Jimmy is suprised to find that this hill has another one behind it

Is it time that the file server concept was finally killed off? Is the continued use of this most ancient of network concepts holding us all back? Are they so embedded that we shall never get rid of them?

Some assumptions taken early in the technology cycle continue to influence the current technology even though they are no longer relevant. There is a well told story which links the width of a horse through to size of a train. This is apparently only half-true but serves my purposes well here because it shows that once a standard is set it is built upon, and on, and on, and may never ever be changed. So it is with the file server.

I’m not suggesting that things need to be changed just because they have been around for a while, thought I could construct an argument to that effect. In the normal course of life though something happens which changes the basis for a standard in a disruptive way and the old standard is simply left behind. In the UK the cart used to be the way to move things around, and then along came the canal, but before the canal was even fully established along came the train. The old standard may still be around, but it is no longer the standard.

The shared file server concept has been alive and well since the creation of the first network. In simplistic terms, if you wanted to share a file with someone you put it on a file server so you can both get access to it. The first and simplest form of IT collaboration, even pre-dating email. We have moved between different variant but in essence they all allow us to store files and get them back again.
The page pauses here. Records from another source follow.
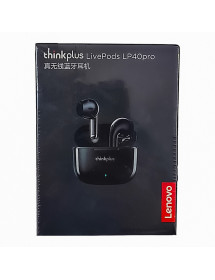 Audifonos Think Plus LP40 PRO Bluetooth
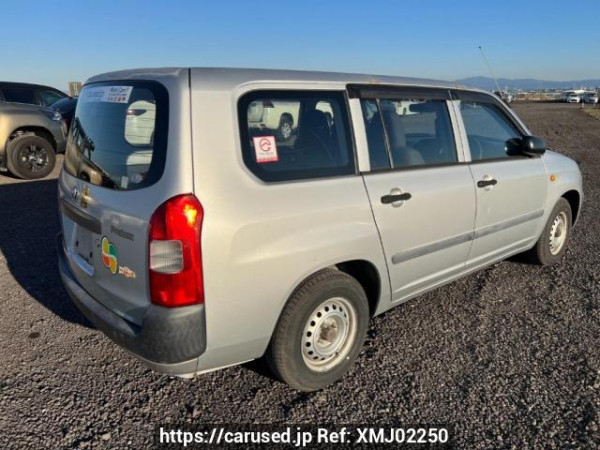 Used 2003 AT toyota probox-wagon NCP58G Image[6]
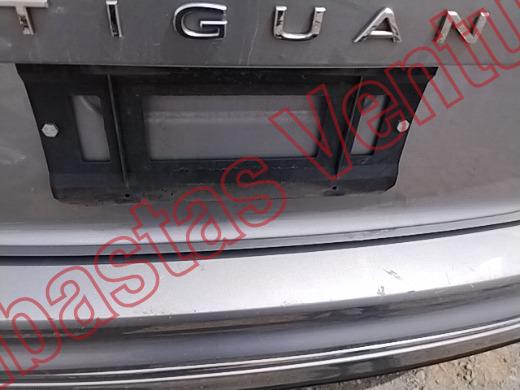 VOLKSWAGEN TIGUAN 2024, foto 19 de 19
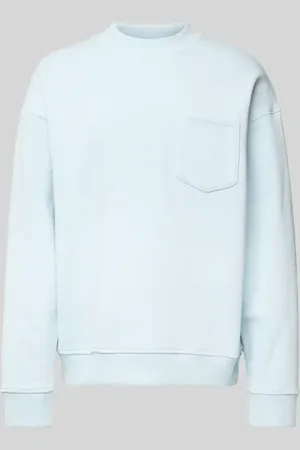 BLKVIS Sweatshirt mit Brusttasche in , Größe L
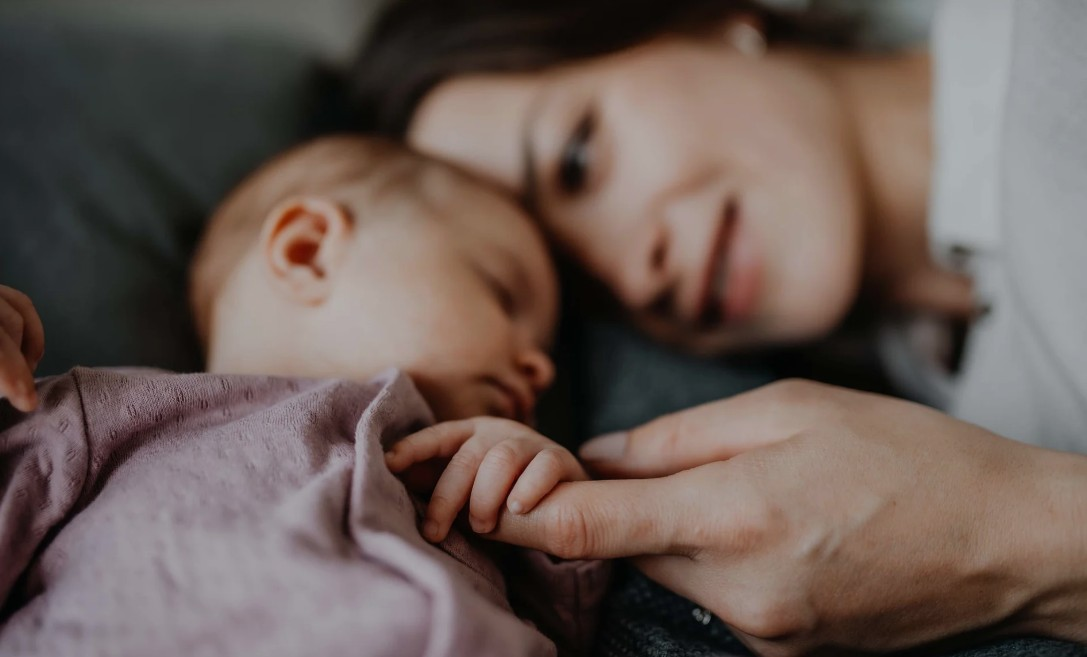 Postpartum Formulas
This simple centralisation concept has allowed us to build a whole set of working process and technologies that have little to do with file services but build on its bedrock. We ask people to store data on the file server so we don’t need to worry about backup on the clients. We ask people to store data centrally so we can protect it with RAID systems and other resilience techniques. We ask people to store their data on the file server so we can rebuild their client device without worrying about data.

At the same time we have realised and lived with the problems of data centralisation. Moving all of the data to the centre has meant that all of the growth is centralised too leaving many organisations with an impossible task trying to keep up with the growth. Centralisation of the data has established massively complex security structures making restructuring of the data practically impossible Centralising the data has moved, to a significant extent, ownership of the data to the centre to; but because the centre doesn’t actually own the data it doesn’t know what to do with it making policy definition impossible. Centralisation of the data has also enforced a single view of the data structure which serves the needs of only some members of the team who are using the data (some people think in applications rather than in process for instance).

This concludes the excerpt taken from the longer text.